What you give back from the listing below should be an exact copy of the lines from the one with "Cabinet Diagram and" down to the one with "Lanciano Garden Corner", and it should contain no pictures.

(Beginning of Record excerpts)

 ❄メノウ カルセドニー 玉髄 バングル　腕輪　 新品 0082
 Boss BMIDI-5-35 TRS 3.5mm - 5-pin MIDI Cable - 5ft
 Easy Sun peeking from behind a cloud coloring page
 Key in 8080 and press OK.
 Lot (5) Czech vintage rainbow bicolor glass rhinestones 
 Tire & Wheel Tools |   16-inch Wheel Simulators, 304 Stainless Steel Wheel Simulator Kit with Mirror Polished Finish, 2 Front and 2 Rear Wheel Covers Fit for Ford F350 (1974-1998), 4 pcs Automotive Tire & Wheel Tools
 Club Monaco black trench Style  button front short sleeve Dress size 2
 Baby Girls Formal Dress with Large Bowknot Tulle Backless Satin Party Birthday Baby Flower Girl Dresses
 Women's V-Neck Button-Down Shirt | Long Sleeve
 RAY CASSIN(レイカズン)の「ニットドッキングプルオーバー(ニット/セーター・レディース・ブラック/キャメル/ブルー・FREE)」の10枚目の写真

(End of Record excerpts)
(Beginning of Record excerpts)

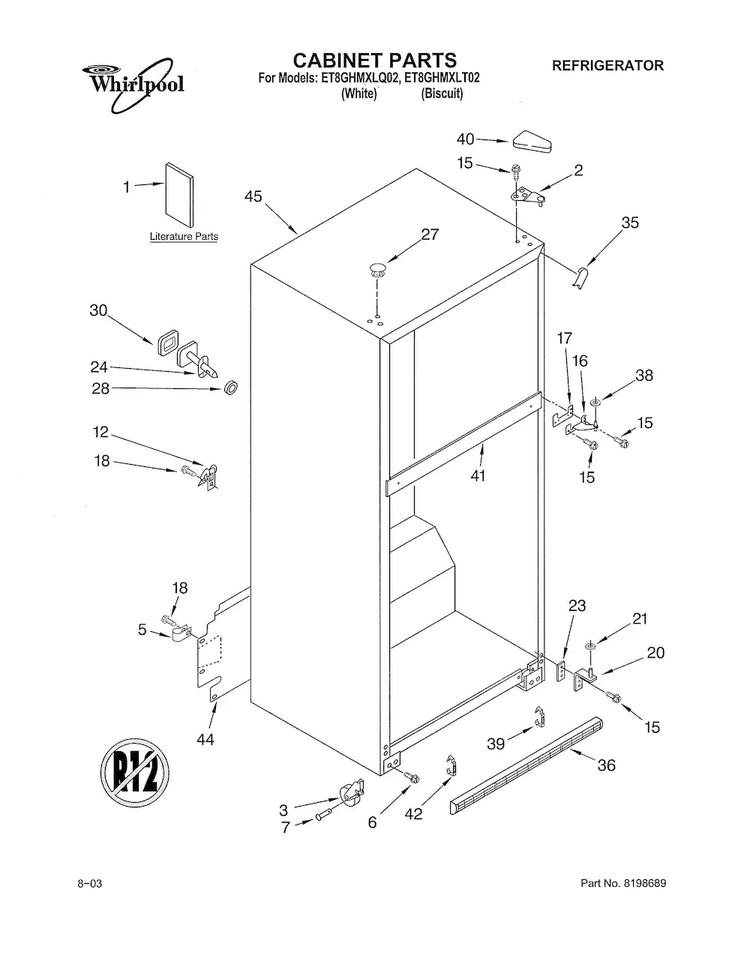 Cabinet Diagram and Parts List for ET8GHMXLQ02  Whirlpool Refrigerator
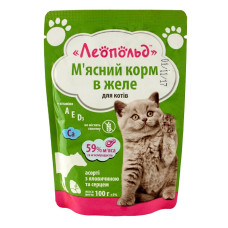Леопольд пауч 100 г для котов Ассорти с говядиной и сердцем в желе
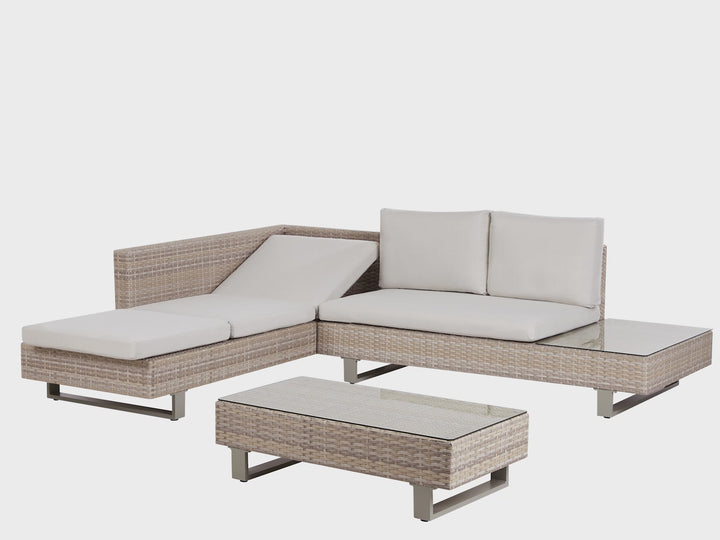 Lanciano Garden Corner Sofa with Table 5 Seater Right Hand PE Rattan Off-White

(End of Record excerpts)

• _The completed task_
 Cabinet Diagram and Parts List for ET8GHMXLQ02  Whirlpool Refrigerator
Леопольд пауч 100 г для котов Ассорти с говядиной и сердцем в желе
 Lanciano Garden Corner Sofa with Table 5 Seater Right Hand PE Rattan Off-White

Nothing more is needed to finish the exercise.